--- Dataset excerpts Enclosed Below ---

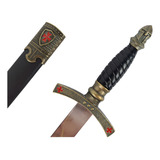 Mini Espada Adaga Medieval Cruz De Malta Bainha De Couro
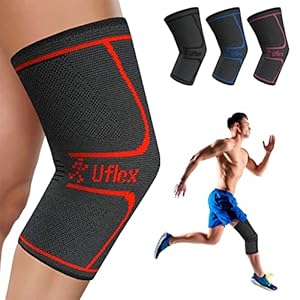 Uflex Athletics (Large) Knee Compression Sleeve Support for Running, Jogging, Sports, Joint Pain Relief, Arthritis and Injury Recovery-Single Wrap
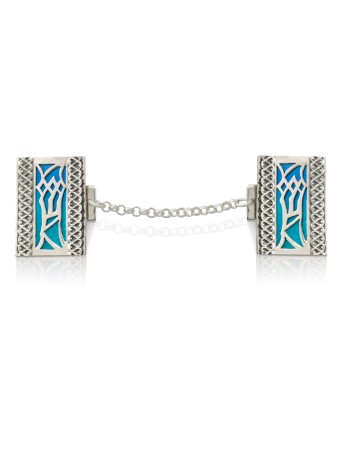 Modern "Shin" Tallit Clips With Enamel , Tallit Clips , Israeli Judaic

--- End of Enclosed Dataset excerpts ---
--- Dataset excerpts Enclosed Below ---

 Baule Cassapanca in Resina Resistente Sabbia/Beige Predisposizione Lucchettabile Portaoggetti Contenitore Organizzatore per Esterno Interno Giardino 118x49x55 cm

--- End of Enclosed Dataset excerpts ---

# Exercise goal
Leaving all pictures out, output exactly the lines of the material above from the line with "Uflex Athletics (Large)" to the line with "Clips , Israeli Judaic", both included.

# Result of the exercise
 Uflex Athletics (Large) Knee Compression Sleeve Support for Running, Jogging, Sports, Joint Pain Relief, Arthritis and Injury Recovery-Single Wrap
 Modern "Shin" Tallit Clips With Enamel , Tallit Clips , Israeli Judaic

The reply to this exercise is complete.